Gene Set Enrichment Analysis
Several approaches for functional category enrichment were performed to compare genes present in our sets of interest against other genes. For the essentiality enrichment, the in vivo 75 and in vitro 76 classification of genes was used, and the enrichment in these categories tested with Fisher tests. For GO enrichment, the Bingo tool 77 was used with a hypergeometric test (sampling without replacement) and the Benjamini-Hochberg correction for multiple testing comparisons. Finally, the enrichment of the functional categories was also evaluated 78 employing Fisher tests corrected with the Benjamini-Hochberg procedure.
Drug-resistant Dataset Preparation and Analysis
Drug-resistant strains were downloaded from the TBportals database 79 on October 22, 2019 (n=656). Samples were classified according to their drug-resistant phenotype and then passed through the variant analysis pipeline described above. A maximum-likelihood phylogeny was constructed using IQTREE with the previously described options, including samples from the Comas et al., 2013 study to achieve nodes from lineages underrepresented in the TBportals database.
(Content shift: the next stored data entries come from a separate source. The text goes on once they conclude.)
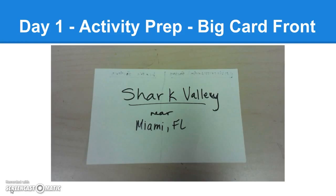The first day is pretty much going to be spent on getting big ideas and prep. The first thing they're going to be given is a large index card and they need to write the name of their ecosystem on the front and where in the world it is. My example uses Shark Valley, which is near Miami, Florida — it actually has no sharks in it at all, but it's still called Shark Valley.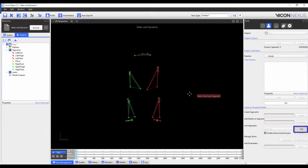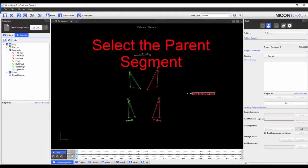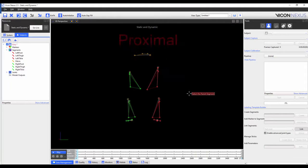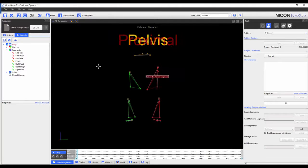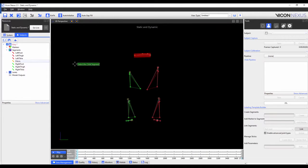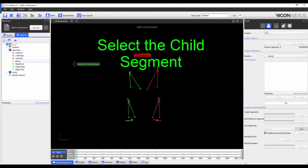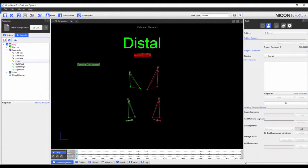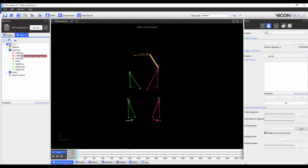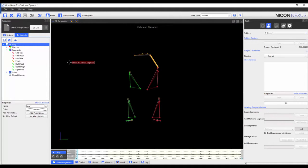When I click on link, it will prompt me to choose the parent segment, which will be the proximal segment — in this case the pelvis. It will then prompt me to pick the child segment, which will be the distal segment — in this case the left thigh. I'm going to repeat the process until all segments are linked.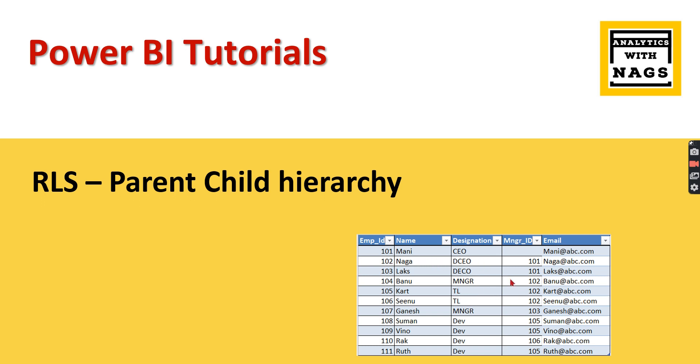So how to implement RLS for it? Basically, when a user logs in, assume this user logs in, he should see his own data along with the members below him, right? So whoever reports to him.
The pN/pS trajectories were calculated and classified as explained for the other dataset
A matrix was next created that included phenotypic information for each tested drug (resistant/susceptible) and the presence/absence of non-synonymous mutations in the gene set classified as having a trajectory in which the pS > pN but inverts to pN > pS at a certain point for each sample. A set of binomial logistic regression models was constructed with this data, explaining the observed phenotypes based on the presence of non-synonymous mutations on selected genes. These models were trimmed a posteriori following a backward stepwise methodology, selecting the set of regressors that show the best Akaike Information Criterion.
Author Contributions
I.C. conceived this work. A.C.O. and M.G.L. analyzed the data. A.C.O. wrote the first version of the draft. A.C.O., I.C., M.G.L. critically reviewed and contributed to the final version of the paper.
Supplementary Material
Table S1. Samples used in the analyses, including accession numbers and the main phylogenetic lineage
Table S2. Classification of genes in the five main categories defined in the main results
Table S3. Classification of the antigens/epitopes studied, including the categories proposed for each of the features and the lineages in which they show differential trajectories.
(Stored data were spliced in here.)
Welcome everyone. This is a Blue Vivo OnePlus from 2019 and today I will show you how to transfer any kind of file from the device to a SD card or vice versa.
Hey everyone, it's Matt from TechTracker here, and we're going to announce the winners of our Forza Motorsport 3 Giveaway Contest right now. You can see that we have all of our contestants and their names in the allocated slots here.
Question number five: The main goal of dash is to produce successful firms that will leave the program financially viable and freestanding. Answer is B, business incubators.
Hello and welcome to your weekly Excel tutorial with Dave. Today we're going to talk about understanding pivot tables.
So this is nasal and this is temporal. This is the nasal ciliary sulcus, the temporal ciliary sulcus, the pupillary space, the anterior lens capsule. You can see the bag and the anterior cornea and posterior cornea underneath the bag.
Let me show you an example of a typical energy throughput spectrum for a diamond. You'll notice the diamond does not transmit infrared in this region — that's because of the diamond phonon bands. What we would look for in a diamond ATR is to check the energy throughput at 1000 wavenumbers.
Table S4. P-values of the computational models generated - Genes marked in yellow display significant values, probably due to phylogenetic markers.
Table S5. Homoplastic variants called in the intergenic regions analyzed.
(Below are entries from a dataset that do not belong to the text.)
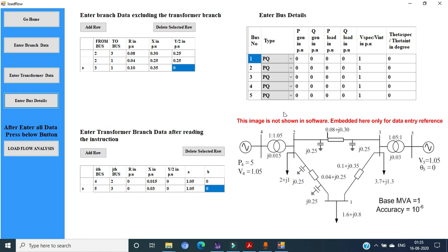In most textbook problems, the bus details are specified. As shown in the figure, bus 1 is a PQ bus where P generation and Q generation is absent or treated as 0. P load and Q load are given as 1.6 per unit and 0.8 per unit. Therefore, P gen is 0, Q gen is 0, P load is 1.6, Q load is 0.8 per unit. In a PQ bus, the initial value of voltage and angle is assumed as 1 per unit and 0 degrees, so no changes are made to those entries.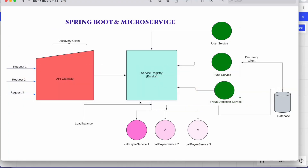Hey everyone, welcome to my channel. Today I will discuss one of the microservices concepts called API Gateway. In this picture you can see that the request is coming to the API Gateway, and the API Gateway communicates with Eureka service registry.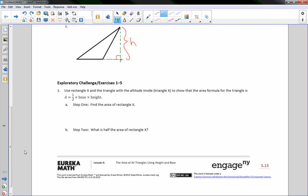Number one, exploratory challenge, exercises one through five. Use rectangle X and the triangle with the altitude inside triangle X to show that the area formula of the triangle is area equals one half base times height.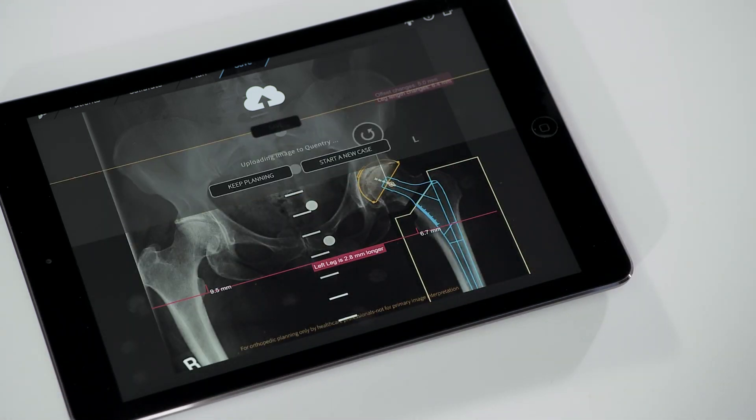TromaCAD Mobile allows for fast and simple orthopedic planning on a variety of mobile devices. Take planning one step further and download TromaCAD Mobile from the App Store.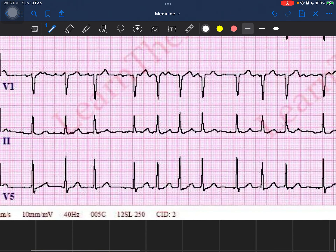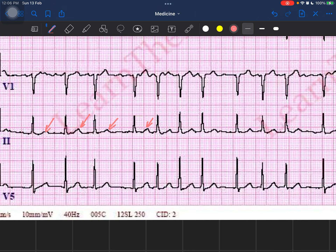Now let's look at the P wave. A common rookie mistake is to call the first visible positive deflection a P wave. We assume every ECG must have a P wave, QRS complex, and T wave — but that is not always true. The P wave is defined as the first positive deflection in an ECG. The first negative deflection following the P wave is the Q wave, the positive deflection following the Q wave is the R wave, the negative deflection following the R wave is the S wave, and the first positive deflection following the S wave is the T wave.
Table S6. 123 intergenic regions that exhibited pI/pS values that are outliers of the genomic pI/pS distribution. Observed and expected mutations in the intergenic regions, probability of observing SNPs by chance (Poisson distribution), and the pI/pS calculated are shown.
Table S7. Genomic regions not considered for analysis.
Data S1. Plots of all trajectories calculated.
Acknowledgments
This project received funding from the European Research Council (ERC) under the European Union’s Horizon 2020 research and innovation program (Grant agreement No. 101001038 (TB-RECONNECT)). In addition, this work was funded by projects PID2019-104477RB-I00 from Ministerio de Ciencia (Spanish Government) and AICO/2018/113 from Generalitat Valenciana.